Reputation: 586
The match phrase query
{
"query": {
"match_phrase": {
"approved_labelled_products.companies": "SOMETHING INC"
}
}
returns a particular result but the match_phrase_prefix query
{
"query": {
"match_phrase_prefix": {
"approved_labelled_products.companies": "SOME.*"
}
}
}
return an empty result set
"hits":
{
"total": 0,
"max_score": null,
"hits": []
}
The match_phrase_prefix must atleast return the data that has been obtained by the match_phrase query but it doesnt.

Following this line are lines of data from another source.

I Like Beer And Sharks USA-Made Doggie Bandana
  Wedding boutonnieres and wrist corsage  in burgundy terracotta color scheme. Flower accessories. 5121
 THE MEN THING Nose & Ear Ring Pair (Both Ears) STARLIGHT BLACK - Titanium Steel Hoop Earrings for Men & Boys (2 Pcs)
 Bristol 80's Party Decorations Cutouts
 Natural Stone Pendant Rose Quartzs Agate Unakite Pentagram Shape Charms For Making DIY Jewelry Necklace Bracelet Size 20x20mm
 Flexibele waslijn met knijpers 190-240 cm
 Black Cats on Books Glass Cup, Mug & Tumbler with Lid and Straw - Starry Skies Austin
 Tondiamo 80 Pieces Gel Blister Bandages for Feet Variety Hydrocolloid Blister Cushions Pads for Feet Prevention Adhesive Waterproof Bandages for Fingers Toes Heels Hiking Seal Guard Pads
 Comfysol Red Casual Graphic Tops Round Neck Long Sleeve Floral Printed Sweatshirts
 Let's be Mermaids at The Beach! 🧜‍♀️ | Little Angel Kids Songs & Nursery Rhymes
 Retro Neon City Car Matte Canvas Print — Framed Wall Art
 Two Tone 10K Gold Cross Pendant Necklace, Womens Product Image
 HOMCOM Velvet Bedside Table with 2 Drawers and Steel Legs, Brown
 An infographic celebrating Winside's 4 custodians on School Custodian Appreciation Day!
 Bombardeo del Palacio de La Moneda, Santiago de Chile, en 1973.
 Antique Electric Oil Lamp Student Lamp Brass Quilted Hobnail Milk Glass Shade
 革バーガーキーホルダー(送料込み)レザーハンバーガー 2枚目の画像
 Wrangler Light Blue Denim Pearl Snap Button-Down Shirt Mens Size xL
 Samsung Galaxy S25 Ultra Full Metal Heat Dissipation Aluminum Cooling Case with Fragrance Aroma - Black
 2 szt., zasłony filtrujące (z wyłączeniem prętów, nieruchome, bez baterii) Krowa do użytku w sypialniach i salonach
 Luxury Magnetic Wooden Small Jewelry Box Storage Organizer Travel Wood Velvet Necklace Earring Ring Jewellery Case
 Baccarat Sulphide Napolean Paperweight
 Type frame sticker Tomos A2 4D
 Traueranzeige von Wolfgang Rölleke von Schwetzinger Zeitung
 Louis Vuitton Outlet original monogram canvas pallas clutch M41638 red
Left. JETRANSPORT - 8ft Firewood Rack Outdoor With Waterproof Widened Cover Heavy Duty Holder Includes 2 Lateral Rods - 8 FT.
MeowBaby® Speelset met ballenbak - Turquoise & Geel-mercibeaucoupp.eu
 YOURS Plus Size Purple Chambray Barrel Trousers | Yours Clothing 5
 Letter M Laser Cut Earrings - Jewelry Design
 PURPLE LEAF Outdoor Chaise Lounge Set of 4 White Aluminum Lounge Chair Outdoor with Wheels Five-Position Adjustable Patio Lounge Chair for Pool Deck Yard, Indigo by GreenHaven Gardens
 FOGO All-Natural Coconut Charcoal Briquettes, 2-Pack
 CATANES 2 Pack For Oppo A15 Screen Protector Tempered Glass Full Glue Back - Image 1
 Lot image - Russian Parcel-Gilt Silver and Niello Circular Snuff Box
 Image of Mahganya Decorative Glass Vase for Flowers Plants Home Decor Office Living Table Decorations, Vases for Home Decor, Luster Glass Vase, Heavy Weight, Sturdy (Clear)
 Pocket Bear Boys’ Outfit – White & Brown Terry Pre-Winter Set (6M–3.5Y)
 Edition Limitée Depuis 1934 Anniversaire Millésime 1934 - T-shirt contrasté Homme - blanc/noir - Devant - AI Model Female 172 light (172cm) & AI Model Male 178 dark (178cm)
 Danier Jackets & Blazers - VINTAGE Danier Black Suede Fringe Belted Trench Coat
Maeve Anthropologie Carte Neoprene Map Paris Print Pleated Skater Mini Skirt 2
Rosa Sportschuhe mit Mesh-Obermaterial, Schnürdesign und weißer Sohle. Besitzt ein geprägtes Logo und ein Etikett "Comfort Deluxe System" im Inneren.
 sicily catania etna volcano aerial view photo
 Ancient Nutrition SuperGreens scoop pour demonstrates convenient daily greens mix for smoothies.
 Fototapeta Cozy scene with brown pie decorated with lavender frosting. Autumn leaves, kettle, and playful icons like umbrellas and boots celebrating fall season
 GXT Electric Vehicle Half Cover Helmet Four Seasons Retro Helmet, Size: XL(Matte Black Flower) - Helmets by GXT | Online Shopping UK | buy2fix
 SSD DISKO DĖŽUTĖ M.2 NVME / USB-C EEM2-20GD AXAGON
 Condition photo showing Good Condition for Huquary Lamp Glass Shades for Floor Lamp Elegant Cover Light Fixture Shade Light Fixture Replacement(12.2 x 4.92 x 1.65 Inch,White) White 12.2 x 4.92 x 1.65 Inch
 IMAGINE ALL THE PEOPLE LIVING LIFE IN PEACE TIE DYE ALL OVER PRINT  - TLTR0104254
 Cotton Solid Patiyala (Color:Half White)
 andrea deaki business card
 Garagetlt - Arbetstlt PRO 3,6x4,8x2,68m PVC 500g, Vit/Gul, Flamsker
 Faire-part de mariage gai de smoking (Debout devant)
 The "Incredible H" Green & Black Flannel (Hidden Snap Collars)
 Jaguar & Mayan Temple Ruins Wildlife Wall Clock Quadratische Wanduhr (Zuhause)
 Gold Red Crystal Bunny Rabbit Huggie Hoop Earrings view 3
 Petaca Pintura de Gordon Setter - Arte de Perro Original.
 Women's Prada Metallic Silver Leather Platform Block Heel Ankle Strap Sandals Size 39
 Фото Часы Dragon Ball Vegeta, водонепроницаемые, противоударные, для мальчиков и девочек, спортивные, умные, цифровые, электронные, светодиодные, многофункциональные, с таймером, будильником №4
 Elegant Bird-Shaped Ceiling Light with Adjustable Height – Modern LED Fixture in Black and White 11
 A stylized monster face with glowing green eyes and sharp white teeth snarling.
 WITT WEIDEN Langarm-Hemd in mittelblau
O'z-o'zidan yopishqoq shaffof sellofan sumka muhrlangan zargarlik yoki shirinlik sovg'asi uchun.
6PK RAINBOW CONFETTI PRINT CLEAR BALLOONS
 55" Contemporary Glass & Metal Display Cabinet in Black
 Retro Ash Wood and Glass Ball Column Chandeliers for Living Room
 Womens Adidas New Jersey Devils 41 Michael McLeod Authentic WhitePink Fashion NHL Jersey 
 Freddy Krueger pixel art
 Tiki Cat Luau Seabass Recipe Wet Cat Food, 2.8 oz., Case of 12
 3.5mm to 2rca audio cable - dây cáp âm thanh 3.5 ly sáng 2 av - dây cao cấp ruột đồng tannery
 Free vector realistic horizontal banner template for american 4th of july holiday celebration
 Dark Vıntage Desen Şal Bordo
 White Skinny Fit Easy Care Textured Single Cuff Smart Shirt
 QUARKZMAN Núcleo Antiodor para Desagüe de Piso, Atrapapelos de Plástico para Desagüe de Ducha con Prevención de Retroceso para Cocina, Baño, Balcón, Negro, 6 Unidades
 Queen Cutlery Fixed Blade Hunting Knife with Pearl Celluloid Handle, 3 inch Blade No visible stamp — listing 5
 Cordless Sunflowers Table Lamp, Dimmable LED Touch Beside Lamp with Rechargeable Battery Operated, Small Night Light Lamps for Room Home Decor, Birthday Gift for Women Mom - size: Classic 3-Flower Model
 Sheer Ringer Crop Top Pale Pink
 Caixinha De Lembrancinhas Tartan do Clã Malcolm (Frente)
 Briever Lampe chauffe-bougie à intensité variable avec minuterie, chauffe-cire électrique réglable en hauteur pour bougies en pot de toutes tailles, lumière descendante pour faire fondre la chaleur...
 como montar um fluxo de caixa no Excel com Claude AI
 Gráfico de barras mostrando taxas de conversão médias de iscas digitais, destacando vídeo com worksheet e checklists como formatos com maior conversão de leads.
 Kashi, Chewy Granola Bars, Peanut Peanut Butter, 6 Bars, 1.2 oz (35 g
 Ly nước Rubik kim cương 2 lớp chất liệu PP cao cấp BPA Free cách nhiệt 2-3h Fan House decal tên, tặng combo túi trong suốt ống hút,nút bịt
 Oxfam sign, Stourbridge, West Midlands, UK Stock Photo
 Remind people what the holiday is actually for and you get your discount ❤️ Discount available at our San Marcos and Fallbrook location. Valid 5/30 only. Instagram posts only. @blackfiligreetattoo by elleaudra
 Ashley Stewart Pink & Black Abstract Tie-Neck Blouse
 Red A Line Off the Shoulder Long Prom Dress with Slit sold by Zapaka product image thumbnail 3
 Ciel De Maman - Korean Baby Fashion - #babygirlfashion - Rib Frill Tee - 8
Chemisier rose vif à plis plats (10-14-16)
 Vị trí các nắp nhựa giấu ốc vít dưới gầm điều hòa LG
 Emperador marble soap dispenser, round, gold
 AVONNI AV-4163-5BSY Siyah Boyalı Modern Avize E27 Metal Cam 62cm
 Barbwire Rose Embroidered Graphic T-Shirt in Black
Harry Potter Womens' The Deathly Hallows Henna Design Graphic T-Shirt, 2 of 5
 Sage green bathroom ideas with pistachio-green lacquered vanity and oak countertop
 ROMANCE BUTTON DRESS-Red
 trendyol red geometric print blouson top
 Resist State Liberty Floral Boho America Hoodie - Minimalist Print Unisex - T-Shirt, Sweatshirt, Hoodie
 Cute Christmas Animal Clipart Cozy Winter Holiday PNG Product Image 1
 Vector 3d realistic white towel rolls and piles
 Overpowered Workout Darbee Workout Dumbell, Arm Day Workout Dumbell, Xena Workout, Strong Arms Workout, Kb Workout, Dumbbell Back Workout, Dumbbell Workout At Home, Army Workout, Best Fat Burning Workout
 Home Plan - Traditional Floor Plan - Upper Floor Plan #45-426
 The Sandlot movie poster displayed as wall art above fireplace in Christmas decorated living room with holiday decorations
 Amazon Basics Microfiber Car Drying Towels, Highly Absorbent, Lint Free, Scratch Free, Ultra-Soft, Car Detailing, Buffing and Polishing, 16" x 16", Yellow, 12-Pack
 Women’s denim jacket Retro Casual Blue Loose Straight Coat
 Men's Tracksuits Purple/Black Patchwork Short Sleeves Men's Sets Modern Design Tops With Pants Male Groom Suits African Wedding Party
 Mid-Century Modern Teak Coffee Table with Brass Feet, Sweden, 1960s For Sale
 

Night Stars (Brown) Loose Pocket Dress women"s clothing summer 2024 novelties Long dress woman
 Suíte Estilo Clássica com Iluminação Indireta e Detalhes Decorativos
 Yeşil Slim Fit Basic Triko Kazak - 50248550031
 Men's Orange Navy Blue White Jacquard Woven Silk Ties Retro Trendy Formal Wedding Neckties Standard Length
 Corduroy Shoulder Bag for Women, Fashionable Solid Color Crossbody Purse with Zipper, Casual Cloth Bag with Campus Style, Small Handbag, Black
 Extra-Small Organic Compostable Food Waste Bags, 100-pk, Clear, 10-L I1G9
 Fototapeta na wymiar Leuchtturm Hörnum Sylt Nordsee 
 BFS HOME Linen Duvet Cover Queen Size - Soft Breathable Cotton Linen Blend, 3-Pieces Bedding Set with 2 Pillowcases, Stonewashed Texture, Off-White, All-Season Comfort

the mapping for the data is as follows
"approved_labelled_products": {
"properties": {
"companies": {
"type": "keyword",
"null_value": "NULL",
"ignore_above": 9500
}
}
}
Upvotes: 3
Views: 4038
Reputation: 6066
match_phrase
and match_phrase_prefix
queries are full-text search queries and require the data field to be of text
type. It is very much different from the keyword
type you are using, now let me explain what you can do now and what is the difference.
match_phrase_prefix
work?Yes, you can use match_phrase_prefix
if you change the type of the field to text
.
keyword
field?keyword
is stored and queried as-is, without any analysis. Think about it as a single string; to find all documents that have such field with given prefix it is enough to use a prefix
query.
Let's define our mapping and insert a couple of documents:
PUT myindex
{
"mappings": {
"_doc": {
"properties": {
"approved_labelled_products": {
"properties": {
"companies": {
"type": "keyword",
"null_value": "NULL",
"ignore_above": 9500
}
}
}
}
}
}
}
POST myindex/_doc
{
"approved_labelled_products": {
"companies": "SOMETHING INC"
}
}
Now we can issue a query like this:
POST myindex/_doc/_search
{
"query": {
"prefix": {
"approved_labelled_products.companies": "SOME"
}
}
}
Note that, since there is literally no analysis performed, the request is case-sensitive, and querying by string "some"
will not return results.
text
field different?text
field is analyzed during indexing time, which means the input string is split into tokens, lowercased, some meta-information is saved and an inverted index is constructed.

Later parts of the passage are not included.